However, the pattern inverted over the following six months. The questions filed from November 2025 onward do not ask whether the DMA is too burdensome; they ask whether companies are complying with it. A December 2025 question concerned Booking Holdings’ obligations under the DMA (17 December 2025). In April 2026, two separate MEPs filed near-identical questions on the same day about Google’s new Android developer verification programme and its compatibility with DMA requirements (8 April 2026). The shift from “is the DMA hurting businesses?” to “is this named gatekeeper complying?” suggests that by late 2025 the dominant parliamentary concern had moved from regulatory overreach to enforcement adequacy, with MEPs directing pressure toward the Commission.

In conclusion, the patterns that can be inferred quantitatively from the SCiDA database are consistent with, but do not prove, the political modulation of DMA enforcement. Since the dataset is curated and covers only a short period of time, alternative explanations cannot be ruled out. These include the natural maturation of the DMA process and resource constraints at the Commission’s Directorate-General for Competition.

2. The legal and constitutional dimension

The DMA’s legal context, as outlined in the introduction, defines the outer limit of what the Commission may lawfully do in response to political pressure from Washington. Article 17 of the Treaty on European Union (TEU) requires the Commission to act as guardian of the Treaties, exercising its responsibilities “completely independent” and pursuing “the general interest of the Union”.[17] When considering how to apply this independence obligation to enforcement discretion, one can draw on existing principles of EU case law, though their application to the DMA context remains, in important respects, legally untested.

In general, the Court of Justice and the General Court have confirmed that the Commission enjoys discretion to prioritise enforcement cases, provided it applies objective criteria consistently and gives reasons for its choices.[18] This logic implies that decisions motivated by considerations wholly extraneous to the DMA’s own legal objectives, such as managing third-country trade relations, would not qualify as legitimate Community interest reasoning and could be challenged.[19] The recognised ground for such a challenge is “misuse of powers” under Article 263 of the Treaty on the Functioning of the EU (TFEU), which permits annulment where a measure is shown to have been adopted exclusively or predominantly for purposes other than those for which the power was conferred.[20] The evidentiary threshold is high.
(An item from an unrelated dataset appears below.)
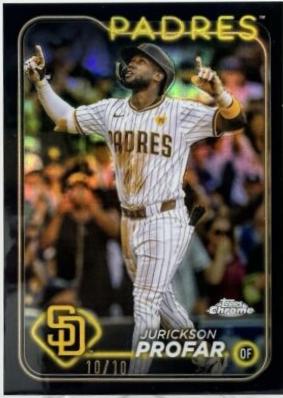 Jurickson Profar [Black Refractor] #USC180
Meanwhile, courts have consistently held that the Commission cannot be compelled to open proceedings under Articles 101 and 102 TFEU, the two key competition rules.[21] Note, however, that Article 26 DMA provides that the Commission “shall take the necessary actions to monitor the effective implementation and compliance” with the obligations laid down in the DMA – mandatory-sounding language that may create a stronger legal foothold compared to the traditional competition rules.[22] Thus, if documented evidence emerged that the College of Commissioners exercised influence over DMA proceedings in response to US tariff threats, that evidence could likely be used as a legal basis for an action before the Court of Justice.

The geo-political and trade-law dimensions complicate the political picture – but without altering the legal analysis. The United States has not brought a formal challenge against the DMA under the World Trade Organization (WTO). Trump’s above-mentioned memoranda must be primarily seen as political instruments: they direct US agencies to identify countermeasures but create no international legal obligation on the EU. At the same time, the Commission led by Ursula von der Leyen entered its second term committed simultaneously to robust digital regulation and to the competitiveness agenda outlined in Mario Draghi’s influential September 2024 report, which placed regulatory burden reduction and investment promotion alongside digital sovereignty as co-equal policy objectives.[23]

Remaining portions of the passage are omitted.